Data validation works with the following source databases wherever AWS DMS supports them as source endpoints:

  • Oracle

  • PostgreSQL-compatible database (PostgreSQL, Aurora PostgreSQL, or Aurora Serverless for PostgreSQL)

  • MySQL-compatible database (MySQL, MariaDB, Aurora MySQL, or Aurora Serverless for MySQL)

  • Microsoft SQL Server

  • IBM Db2 LUW

Data validation works with the following target databases wherever AWS DMS supports them as target endpoints:

  • Oracle

  • PostgreSQL-compatible database (PostgreSQL, Aurora PostgreSQL, or Aurora Serverless for PostgreSQL)

  • MySQL-compatible database (MySQL, MariaDB, Aurora MySQL, or Aurora Serverless for MySQL)

  • Microsoft SQL Server

  • IBM Db2 LUW

  • Amazon Redshift

  • Amazon S3. For information about validating Amazon S3 target data, see Amazon S3 target data validation.

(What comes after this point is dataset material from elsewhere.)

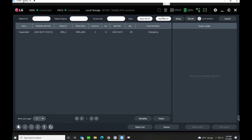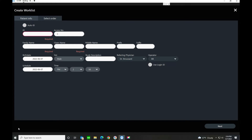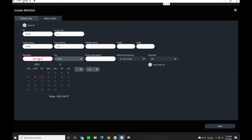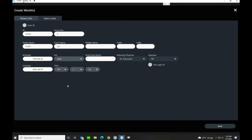What we'll do here is simulate setting up a new patient, assuming we didn't have modality worklist. We would come down to the bottom left corner and select Create Worklist. We assign a patient ID, a family name — say John Smith — go to the birth date, highlight the year, type in the year, tab over, type in the month, and then select the birth date.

For more information about the supported endpoints, see Working with AWS DMS endpoints.

Data validation requires additional time, beyond the amount required for the migration itself. The extra time required depends on how much data was migrated.

For more information about these settings, see Data validation task settings.

For an example of ValidationSettings task settings in a JSON file, see Task settings example.

Replication task statistics

When data validation is enabled, AWS DMS provides the following statistics at the table level:

  • ValidationState—The validation state of the table. The parameter can have the following values:

    • Not enabled—Validation is not enabled for the table in the migration task.

    • Pending records—Some records in the table are waiting for validation.

    • Mismatched records—Some records in the table don't match between the source and target. A mismatch might occur for a number of reasons; For more information, check the awsdms_control.awsdms_validation_failures_v1 table on the target endpoint.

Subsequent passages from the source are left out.